Celebrate Human Rights Day!

Happy Human Rights Day everyone! December 10th commemorates the day on which, in 1948, the United Nations General Assembly adopted the Universal Declaration of Human Rights. If you want to learn more about Human Rights Day, please explore the preceding U.N. link, or check out this informative piece. Also, be on the lookout for our Right to Exist blog post, coming shortly.

On Human Rights Day 2012, OII-USA founder and E.D. Hida Viloria spearheaded the world’s first call for human rights by and for intersex people, by authoring a letter to the U.N. Office of the High Commissioner of Human Rights signed by the world’s leading intersex advocates. The action initiated connections between the UN OHCHR and intersex activists which continue to thrive and enable positive developments.

For example, earlier this year,  the U.N. Free and Equal Campaign released it’s Intersex Fact Sheet, which Viloria and other community leaders helped draft. Please check it out, if you haven’t already, and share widely. We think it’s the best document of its kind out there, educating about intersex people not as people with medical conditions, but as equal humans under a human rights framework, as OII has always advocated for.

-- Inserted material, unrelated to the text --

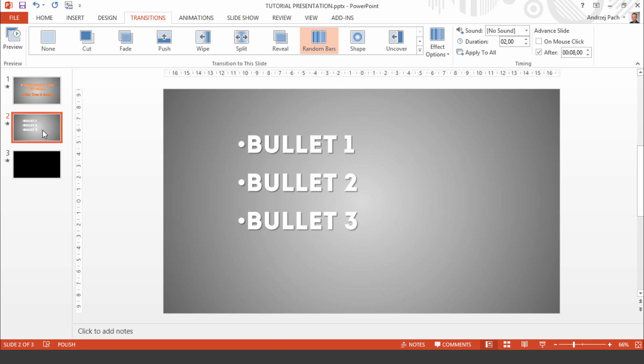The next slide has 3 bullet points, they are animated. And since I need some time to explain them, I've set the advance slide to 8 seconds and the transition to 2.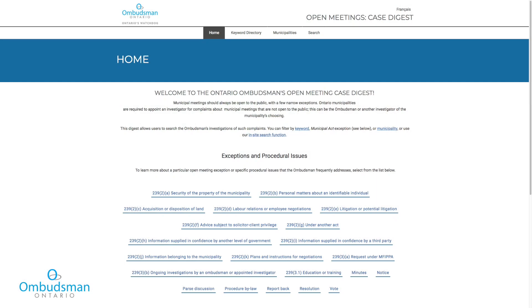So, to help municipal leaders, their staff, citizens, lawyers, and anyone else who has an interest in this important area of law, we created this new tool. It's a searchable online digest of our office's reports on closed meeting investigations. We're confident that this will be a valuable resource for all municipal stakeholders, where they can look up the applicable laws, the definitions we use, and see how they've been applied. Accessible to all, this tool will promote conformity with the law and enhance transparency.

The U.N. even released a short video of Viloria in conjunction with the Fact Sheet, filmed when s/he was given the honor of speaking about the “I” at a U.N. LGBTI Human Rights Day 2013 event, along with tennis legend Martina Navratilova and Jason Collins, the world’s first openly gay NBA player.

This year, we are proud to be leading the way in the U.S. fight for legal recognition of intersex people, and indeed all non-binary people, with our very own Associate Director Dana Zzyym’s groundbreaking lawsuit. This past Intersex Awareness Day, October 26th, Zzyym, along with attorney Paul Castillo of Lambda Legal — who we are honored and grateful to report is representing Dana — announced that they are suing the United States’ State Department for denying Dana a passport because they could not accurately select an M or F gender marker. Dana — who is a Navy veteran and uses they/them pronouns — said:

“When I was a child, I had no say in what was done to me in order to make me “fit” in some acceptable category. I continue to suffer the consequences of those decisions today. But, as an adult, I can take a stand. I am not male, I am not female, I am intersex, and I shouldn’t have to choose a gender marker for my official U.S. identity document that isn’t me.”

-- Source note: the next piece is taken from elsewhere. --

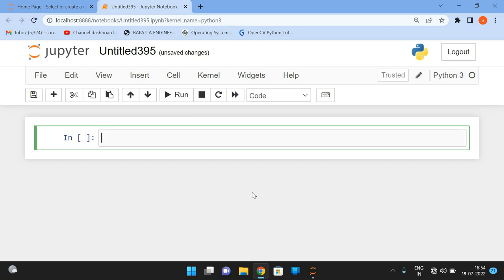Hello friends, welcome back to our channel. In the previous sessions, we discussed a few functions in OpenCV library. In today's session, we'll see one more function in OpenCV, that is the circle function.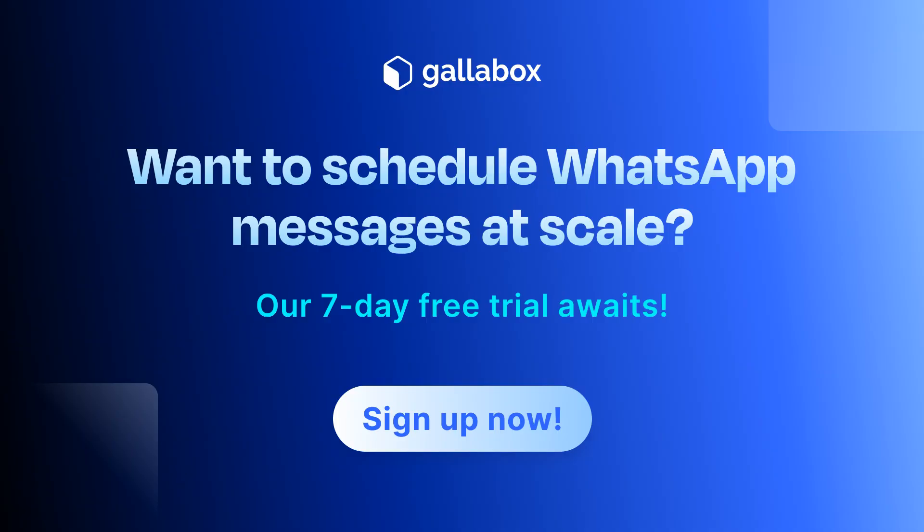I hope this video helped you learn how to schedule WhatsApp messages on different platforms. To schedule your own WhatsApp messages at scale, sign up at gallabox.com. For more such helpful content, subscribe to Gallabox's YouTube channel.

Indeed, it is precisely the notion that only males and females exist which is used to validate the human rights violation of non-consensual, medically unnecessary, “normalizing” surgical and hormonal treatments of intersex infants and minors, which the entire global community advocates against. This practice is aimed at making us into males or females, under the presumption that those are the only things that  human beings can be. While we are thrilled that, earlier this year, Malta became the first nation to criminalize the practice, in the U.S. it is still commonplace. Indeed, until the U.S. government acknowledges that intersex people exist, as equal citizens, the notions which validate medical attempts to eradicate us will persist.

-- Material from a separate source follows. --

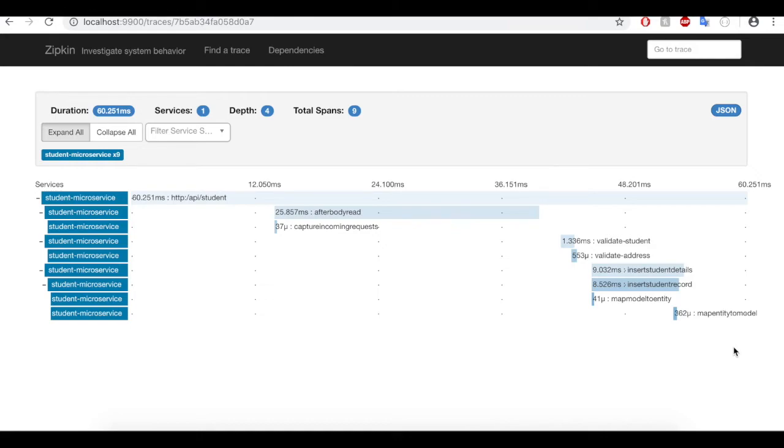This is one of the greatest examples of how Zipkin makes life easy for debugging and tracing a microservice architecture.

We are indeed fighting for the very right to exist, and like all marginalized communities, we cannot do it alone. We need the help of allies like yourself to spread the word in order to make the world a safer place for intersex people to live openly as who we are. This Human Rights Day, please help by sharing the Intersex Fact Sheet, or any of the information on our website, or by making a tax-deductible donation to support our work for human rights for all intersex people.

Thanks in advance, and may all being be blessed with the actualization of their human rights!